Sql-server – Can changing database owner affect permissions or role memberships

sql server

A couple years ago we ran into a situation where we were changing the database owner from a DBA's login to sa, and immediately thereafter we received a complaint that the service login (which was NOT the DBA's login) no longer had access to the database. On checking, the service login had indeed lost it's role memberships.

We only had 3 DBAs at the time, and nobody else had access to make a role membership change, so I'm pretty sure that someone did not specifically remove the service login from the roles. However, I have not seen any warnings on articles about changing owner about something like this occurring, so I've not been able to explain it, and we couldn't reproduce the issue.

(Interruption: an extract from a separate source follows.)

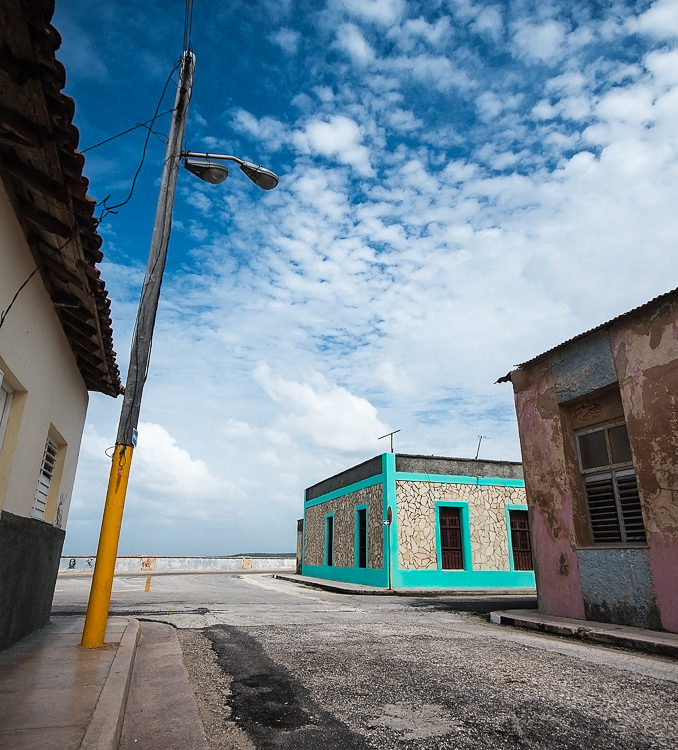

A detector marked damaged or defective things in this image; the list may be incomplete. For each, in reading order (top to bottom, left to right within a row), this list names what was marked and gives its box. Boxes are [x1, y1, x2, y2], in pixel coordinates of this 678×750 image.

So, for example, the database owner was changed from DOMAIN\jdoe, and Windows login "DOMAIN\appuser" mysteriously lost it's built-in role membership.

Is there a situation where changing the owner of the database would cause permission or role changes?

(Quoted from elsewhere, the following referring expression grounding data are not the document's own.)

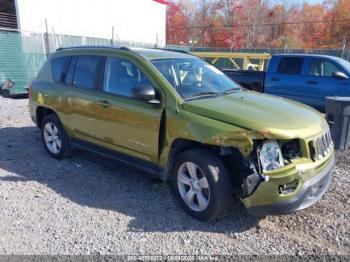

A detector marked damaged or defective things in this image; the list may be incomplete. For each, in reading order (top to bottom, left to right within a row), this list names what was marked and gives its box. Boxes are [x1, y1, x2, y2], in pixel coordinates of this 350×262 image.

crumpled hood [182, 90, 326, 139]
cracked headlight [258, 140, 284, 171]
damaged front bumper [242, 152, 334, 216] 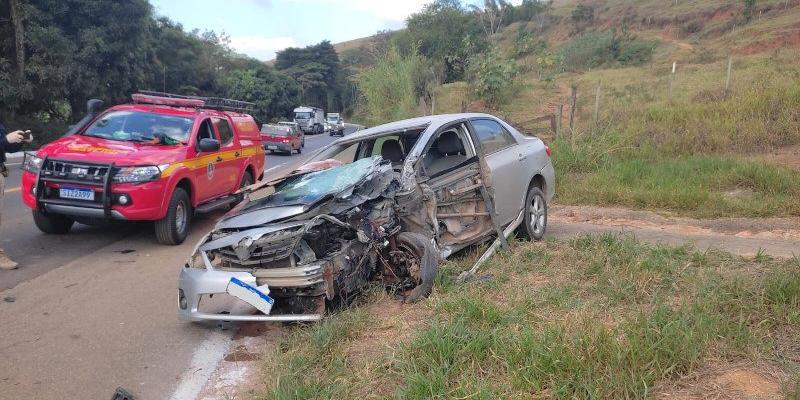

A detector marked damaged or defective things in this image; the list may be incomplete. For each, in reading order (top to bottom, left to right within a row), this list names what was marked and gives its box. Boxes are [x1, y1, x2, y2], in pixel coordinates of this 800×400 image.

detached front bumper [178, 268, 322, 324]
car hood crumpled [216, 157, 400, 231]
crushed front end of car [178, 156, 438, 322]
shattered window glass [244, 155, 382, 208]
wrecked silver sedan [178, 112, 552, 322]
damaged driver door [418, 119, 506, 250]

Note that this question pertains to changing the actual database owner, NOT removing a login from the db_owner role.

Best Answer

If the user is the owner of the database, that user implicitly gets db_owner permission, without having to be explicitly assigned that role.

The owner of the database (a single user) is a different assignment than membership in the db_owner role, but have the same effect. I like to remember it as the owner of the database is an INSTANCE LEVEL setting (ie, it's in sys.databases, but db_owner role membership is a DATABASE LEVEL permission.

A user can be ONLY the (server level) database owner, and not have any permissions within that database. When that happens, changing the database owner to sa would effectively lock that user out of the database they previously owned. This would not revoke permissions from the user, but it would change the effective permissions.

To avoid this problem, you would need to add the user to the db_owner role for that database first, then change the owner.

In the context of your question, if the service account was the prior database owner, then this would explain a change in effective permissions, even though there were no changes to the explicit database-level permission/role assignments.